Reputation: 256
I got an interesting little side project inspired by today's xkcd tooltip. Basically the premise is that for any Wikipedia article, if you follow the first link (that is not inside brackets or in italics) over and over eventually you will get to the Philosophy article.
I am trying to write a program that basically chooses a wikipedia page at random (probably using the http://en.wikipedia.org/wiki/Special:Random URL) and then determine that pages "depth" from Philosophy.
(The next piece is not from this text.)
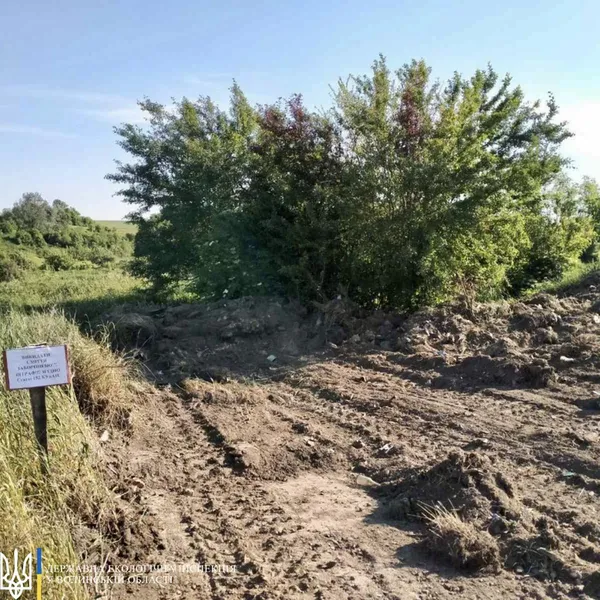На Волині виявили шість стихійних сміттєзвалищ (фото)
I've knocked up a program in C (my most familiar language) just to get the plan straight and quickly realised I knew how to do most of it apart from two "minor" (aka the important bits) problems:
char *grab_first_link(page, int n){
//return url of 1st link not in italics or inside parentheses
}
void get_random_page{
//go to http://en.wikipedia.org/wiki/Special:Random
//wait 2 seconds
//return the URL generated by the random page
}
So basically I'm looking for a library that can help out with simple HTML pages. And some tips on how to get the correct link based on the aforementioned rules.
(also -I'm sure there a million+1 ways to do this more efficiently / easier, I'm just curious if I can get it all/mostly done in C)
Thanks for any help, tips, links or points in the right direction.
Upvotes: 0
Views: 223
Reputation: 943595
Upvotes: 1
Reputation: 363607
My advice for any program that works on the Wikipedia: don't do this using the HTML; instead, parse the SQL dump, specifically the link table. A link table parser (in C++, not C) is available as part of my Wikiassoc program.
Upvotes: 1